MSPPs and MSSPs entered the market at the beginning of a long telecom winter in 2000. However, their inherent value proposition has weathered the fiscal storms and frozen budgets, finding favor first with emerging network providers and then moving into the incumbent provider regions. Providing flexible access services with an optical view toward the network's center, multiservice provisioning and switching network elements are landing on the customer-facing edges of today's new optical networks.
Figure 3-12 shows the typical positioning of the Cisco ONS 15454 MSPP and the ONS 15600 MSSP within the MAN architecture. The ONS 15454 MSPP is often deployed at the edge of metropolitan provider networks based on SONET/SDH rings. The MSPP provides customer-facing communication services and connects back to the service provider core via optical-based SONET/SDH rings or laterals. The ONS 15600 MSSP provides for broadband aggregation and switching of multiple MSPP rings aggregating into the core of provider networks. The MSSP often facilitates metropolitan connection to long-haul and extended long-haul (LH/ELH) networks.
Figure 3-12 MSPP and MSSP Metropolitan Application
The next sections describe both platforms in more detail.
Multiservice Provisioning Platform (MSPP)
The market for MSPPs emerged in 2000, starting the century strong with network edge technology turnover and service positioning. This market was seeded by technology pioneered by up-start Cerent, which was acquired by Cisco in 1999. One year later, the MSPP market gathered $1 billion in revenue on a worldwide basis.
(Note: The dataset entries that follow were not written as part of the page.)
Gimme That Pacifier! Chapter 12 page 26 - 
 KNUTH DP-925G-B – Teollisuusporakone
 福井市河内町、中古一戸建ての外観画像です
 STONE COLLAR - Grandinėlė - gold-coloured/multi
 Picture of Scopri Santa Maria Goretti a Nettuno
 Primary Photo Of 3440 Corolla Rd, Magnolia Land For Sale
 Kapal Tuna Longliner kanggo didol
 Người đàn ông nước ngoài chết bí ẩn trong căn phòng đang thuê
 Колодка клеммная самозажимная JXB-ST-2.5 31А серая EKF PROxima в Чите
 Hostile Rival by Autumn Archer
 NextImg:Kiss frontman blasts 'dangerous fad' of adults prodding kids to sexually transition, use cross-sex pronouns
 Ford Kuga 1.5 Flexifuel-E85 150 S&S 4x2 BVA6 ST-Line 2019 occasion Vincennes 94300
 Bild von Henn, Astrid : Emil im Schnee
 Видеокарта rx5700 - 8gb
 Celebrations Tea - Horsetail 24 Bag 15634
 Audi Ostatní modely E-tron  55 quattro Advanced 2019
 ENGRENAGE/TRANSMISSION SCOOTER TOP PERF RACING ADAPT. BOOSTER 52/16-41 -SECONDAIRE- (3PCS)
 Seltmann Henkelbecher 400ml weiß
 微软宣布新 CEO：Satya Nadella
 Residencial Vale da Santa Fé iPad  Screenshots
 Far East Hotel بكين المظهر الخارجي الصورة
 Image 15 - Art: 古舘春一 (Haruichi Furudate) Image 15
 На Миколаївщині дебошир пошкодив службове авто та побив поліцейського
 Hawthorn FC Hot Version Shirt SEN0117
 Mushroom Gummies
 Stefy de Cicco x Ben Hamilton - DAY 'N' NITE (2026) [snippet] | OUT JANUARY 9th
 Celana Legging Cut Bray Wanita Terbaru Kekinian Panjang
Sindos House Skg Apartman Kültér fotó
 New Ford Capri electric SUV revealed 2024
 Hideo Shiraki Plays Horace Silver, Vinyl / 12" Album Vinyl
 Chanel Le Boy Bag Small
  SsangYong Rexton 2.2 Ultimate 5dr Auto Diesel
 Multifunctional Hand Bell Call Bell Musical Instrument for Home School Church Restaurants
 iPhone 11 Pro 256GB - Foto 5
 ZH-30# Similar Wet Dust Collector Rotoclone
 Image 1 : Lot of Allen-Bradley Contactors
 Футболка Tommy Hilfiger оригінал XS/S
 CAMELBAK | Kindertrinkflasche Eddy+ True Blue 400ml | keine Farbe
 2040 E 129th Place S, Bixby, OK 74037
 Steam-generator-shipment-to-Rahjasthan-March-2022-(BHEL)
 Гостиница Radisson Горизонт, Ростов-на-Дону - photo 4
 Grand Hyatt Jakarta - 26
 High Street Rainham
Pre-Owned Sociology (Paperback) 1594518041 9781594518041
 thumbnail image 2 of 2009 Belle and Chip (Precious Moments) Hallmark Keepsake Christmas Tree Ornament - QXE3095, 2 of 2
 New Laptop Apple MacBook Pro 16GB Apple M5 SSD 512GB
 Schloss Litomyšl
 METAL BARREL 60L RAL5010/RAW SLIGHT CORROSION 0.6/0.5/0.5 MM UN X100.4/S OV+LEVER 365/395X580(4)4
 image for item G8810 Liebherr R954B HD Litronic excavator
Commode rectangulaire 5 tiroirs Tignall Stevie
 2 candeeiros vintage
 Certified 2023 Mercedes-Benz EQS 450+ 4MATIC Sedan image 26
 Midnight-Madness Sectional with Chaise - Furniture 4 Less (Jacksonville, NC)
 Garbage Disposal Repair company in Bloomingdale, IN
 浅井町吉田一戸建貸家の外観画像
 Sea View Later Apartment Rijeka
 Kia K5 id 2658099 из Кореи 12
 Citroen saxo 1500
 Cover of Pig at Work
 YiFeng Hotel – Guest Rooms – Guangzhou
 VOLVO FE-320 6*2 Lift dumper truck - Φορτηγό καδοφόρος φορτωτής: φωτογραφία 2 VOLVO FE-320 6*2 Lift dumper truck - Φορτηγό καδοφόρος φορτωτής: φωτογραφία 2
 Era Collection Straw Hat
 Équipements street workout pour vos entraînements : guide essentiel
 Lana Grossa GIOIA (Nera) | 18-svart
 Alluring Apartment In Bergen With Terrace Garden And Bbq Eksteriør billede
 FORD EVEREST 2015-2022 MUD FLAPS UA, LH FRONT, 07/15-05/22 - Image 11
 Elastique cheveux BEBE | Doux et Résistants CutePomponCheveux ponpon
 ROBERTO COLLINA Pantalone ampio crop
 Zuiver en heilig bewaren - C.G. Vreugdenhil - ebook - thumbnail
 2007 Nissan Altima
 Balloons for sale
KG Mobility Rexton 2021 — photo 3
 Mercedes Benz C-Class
The primary appeal for MSPPs is to consolidate long-established SONET/SDH ADMs in the multiservice metro, while incorporating Layer 2 and new Layer 3 IP capabilities with packet interfaces for Ethernet, Fast Ethernet, and Gigabit Ethernet opportunities. Many MSPPs contain additional support for multiservice interfaces and dense wavelength division multiplexing (DWDM) to optimize the use of high-value metropolitan optical fiber. Deployed as a springboard for the rapid provisioning of multiple services, the intrinsic value of these new-generation platforms is to build a bridge from circuit-based transport to packet-based services. MSPPs help providers to execute that strategy while maintaining established services with TDM switching support and SONET/SDH capabilities.
Entering the market near the end of many legacy SONET/SDH ADM depreciation schedules, the MSPPs inherit a sizable portion of their justification from reduced power, space, and maintenance requirements. In doing so, MSPPs help with continued optimization of operating budgets while representing strategic capital investments for new high-value service opportunity.
It is difficult to discuss SONET/SDH without a reference of the bandwidth speeds and terminology used by these worldwide standards. Table 3-4 shows a comparison of SONET/SDH transmission rates.
Table 3-4 Comparison of SONET/SDH Transmission Rates
Many MSPP devices carry support for optical trunk rates from OC-3/STM-1 and OC-12/STM-4 to OC-48/STM-16 and OC-192/STM-64. This provides flexibility in using the MSPP for metropolitan edge access services (trunk rates of OC-3/STM-1 and OC-12/STM-4) and even for metropolitan core applications when MSPPs include support for OC-48/STM-16 and OC-192/STM-64 speed optical interfaces. A small percentage of MSPPs are used in long-haul applications, particularly when the platform includes reasonable numbers of optical interfaces at OC-48/STM-16 and OC-192/STM-64.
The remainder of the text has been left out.